Moore v. Trinity Methodist Church

CONLEY, J*

The former opinion herein was set aside and the cause resubmitted to permit a clarification of directions for distribution in the estate of Alexander Henderson Moore in accordance with the law as applied to our interpretation of the will of the decedent. Accordingly, we adopt as part of the present opinion the following quoted portion of our former opinion herein:

“All of the parties interested in the above estate have appealed from the decree of the probate court determining heir-ship. The necessary prerequisite to the determination of what parties are entitled to take under the will consists of a construction of the holographic will itself, which reads as follows :
“Last Will of Alexander H. Moore
“ ‘Los Angeles, California July 27, 1959.
“ ‘I hereby give unto my brother Alfred Finley Moore the sum of One Dollar and unto his wife Chella D. Moore the sum of One Dollar.

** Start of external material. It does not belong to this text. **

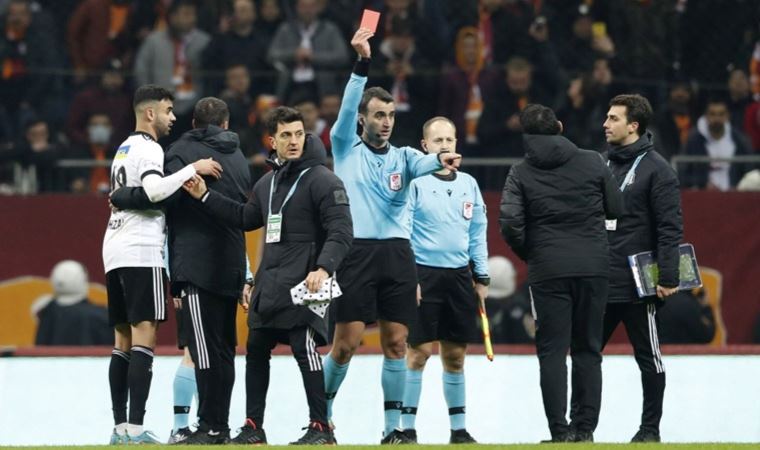 Galatasaray - Beşiktaş derbisi sonrasında kırmızı kart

They are my only heirs.
“ ‘ I hereby grant and give to the Trinity Methodist Church at Twelfth and Flower Streets, Los Angeles the balance of my estate to be used in its missionary work, with the exception of one hundred dollars per month, to be paid to Renee Dellavoix as long as she lives.
“ ‘Signed
‘ ‘ ‘ Alexander H. Moore. ’
“Alexander Henderson Moore died on October 27, 1959, *740and his only brother and only legal heir, Alfred Finley Moore, was appointed administrator with the will annexed on February 23, 1961.
“The foregoing will was dated more than 30 days, but less than six months, before his death, and the appeal involves, among other things, the application of the provisions of section 41 of the Probate Code, which reads as follows:
“ ‘No estate, real or personal, may be bequeathed or devised to any charitable or benevolent society or corporation, or to any person or persons in trust for charitable uses, by a testator who leaves a spouse, brother, sister, nephew, niece, descendant or ancestor surviving him, who, under the will, or the laws of succession, would otherwise have taken the property so bequeathed or devised, unless the will was duly executed at least 30 days before the death of the testator. If so executed at least 30 days before death, such devises and legacies shall be valid, but they may not collectively exceed one-third of the testator’s estate as against his spouse, brother, sister, nephew, niece, descendant or ancestor, who would otherwise, as aforesaid, have taken the excess over one-third, . . .’
“Alfred Finley Moore, as administrator with the will annexed, filed a petition to determine interest in the estate and individually filed his statement of claim of interest. This was followed by the filing of a statement of claims of interest in the estate by the Trinity Methodist Church, a California nonprofit corporation, and Renee Dellavoix. After due proceedings, the court filed its decision in the case and a decree determining that Trinity Methodist Church is entitled to one-third of the net distributable estate of the deceased, subject to a lien and charge to secure the payment to Renee Dellavoix of an annuity of $100 per month for the term of her natural life, beginning as of the date of decedent’s death.
“ No extrinsic evidence was introduced concerning the intention of the testator or the meaning of the holographic will. Therefore, the construction of the will is a question of law which may be independently determined by the appellate court. (Estate of O’Brien, 74 Cal.App.2d 405, 407 [168 P.2d 432]; Estate of Rollins, 163 Cal.App.2d 225, 227 [328 P.2d 1005]; Estate of O’Connor, 130 Cal.App.2d 258, 262 [278 P.2d 748].)
‘ ‘ The basic rule to be applied in the interpretation of a will is that it should be construed in accordance with the *741expressed intention of the testator. (Prob. Code, § 101; Estate of Peabody, 154 Cal. 173, 175 [97 P. 184].)
“ And it should not be forgotten that in the construction of wills generally that interpretation is favored which avoids total or partial intestacy. (Estate of Rollins, supra, 163 Cal.App.2d 225, 227.)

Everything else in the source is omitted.